C’est manifestement ce qu’a choisi de faire Christian Thielemann, dont la vision musicale est l’absolu contrepied de cette entreprise de démystification. Le mythe est alors dans la fosse : direction foisonnante et à la fois unifiée, tendue. Pas de course au volume, plutôt une infinie conscience des textures, grâce aussi à un orchestre sachant se métamorphoser au gré du discours, un moment quatuor à cordes, un autre phalange mahlérienne. C’est somptueux.

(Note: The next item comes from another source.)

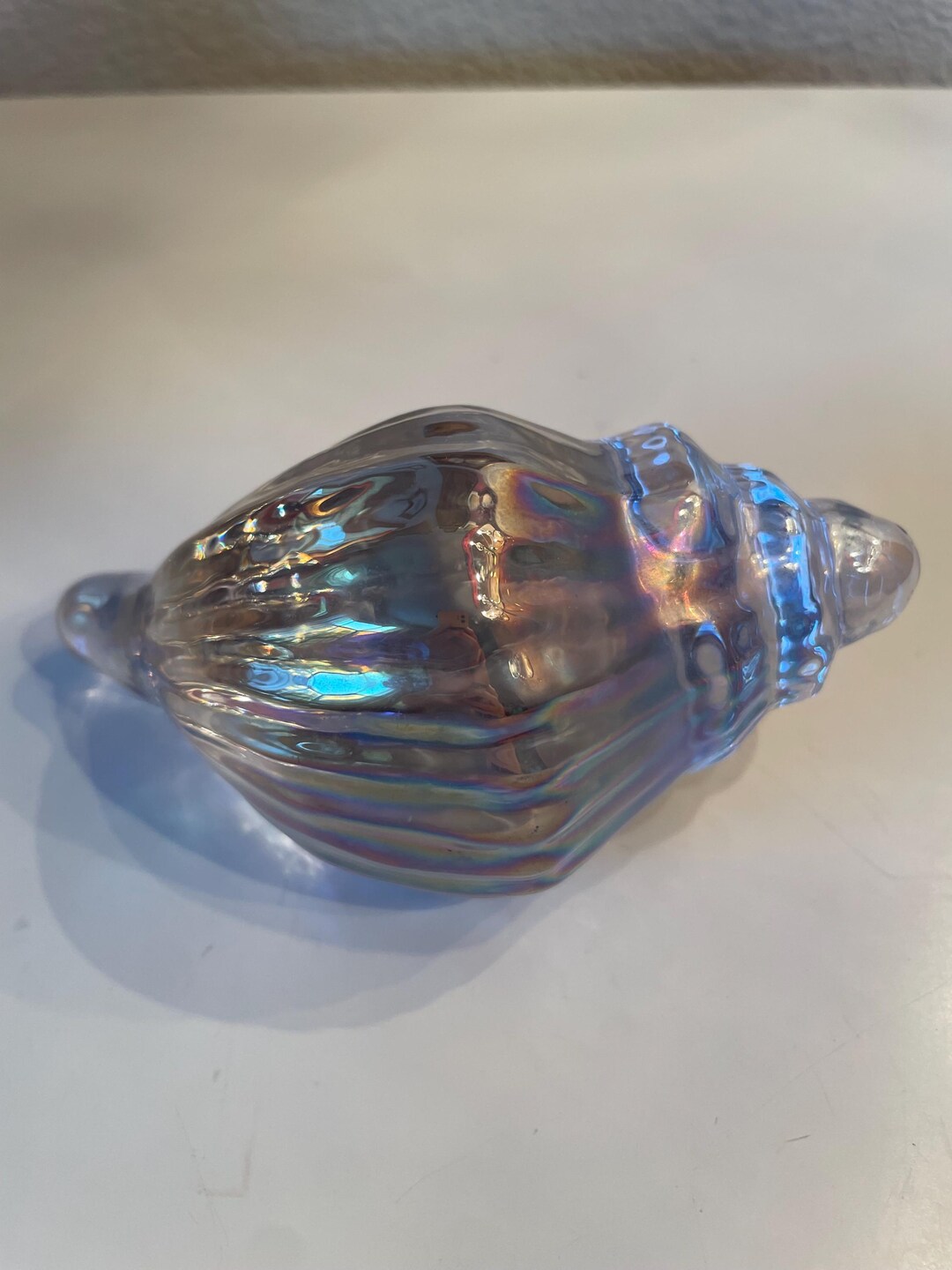Vintage Iridescent Art Glass Conch Shell Paperweight - Etsy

© Bayreuther Festspiele / Enrico Nawrath
La distribution, qui comme le reste du spectacle n’a pas changé depuis l’été dernier, est de toute première qualité, seule la sensibilité personnelle à tel ou tel type de tempérament vocal pourra y poser quelques nuances. Il faut distinguer la formidable Brangäne que nous sert Christa Mayer, pas matrone pour un sou ni dans l’attitude ni dans la musicalité. Le timbre est caressant, la voix jeune s’épanouit sans contrainte, à cent lieues de certaines titulaires un peu brutes de décoffrage. Melot impeccable de Raimund Nolte, qui ressemble à s’y méprendre à « Super-Résistant » ; Kurwenal honnête et sans bavure de Iain Paterson, pauvre palefrenier obligé à quarante-cinq minutes de contorsion pendant le 2e acte, ce qui mérite notre sympathie. Distinguons aussi le titulaire des deux « petits » rôles du Berger et du Marin, le très chantant Tansel Akzeybek. René Pape est absolument superlatif, voix qui ne chante pas mais qui vibre, qui bouillonne, qui remplit les oreilles comme peu d’autres : pourquoi le roi Marke ne chante-t-il pas davantage ? Stephen Gould, cela a souvent été dit, n’a pas le plus beau timbre du monde. Certes, ce dernier n’est ni particulièrement ensoleillé ni spécialement ténébreux, mais quelle machine vocale ! Ils ne sont pas dix Tristan à pouvoir déverser ce flot, cette psalmodie infinie sans apparemment ressentir la moindre usure, la moindre intention de se ménager. Quelques ponctuels tracas d’intonation ne peuvent pas porter d’ombre à ce genre d’interprétation si engagée. Engagée, Petra Lang l’est incontestablement, Isolde musclée et nerveuse, voix immense et qui tient ferme la large tessiture, mais pas dénuée d’accidents, voire de cris. C’est là sans doute que le goût personnel l’emporte, qui nous fait préférer dans ce rôle des chanteuses à la vocalité plus ronde, plus homogène, plus intérieure – si c’est possible.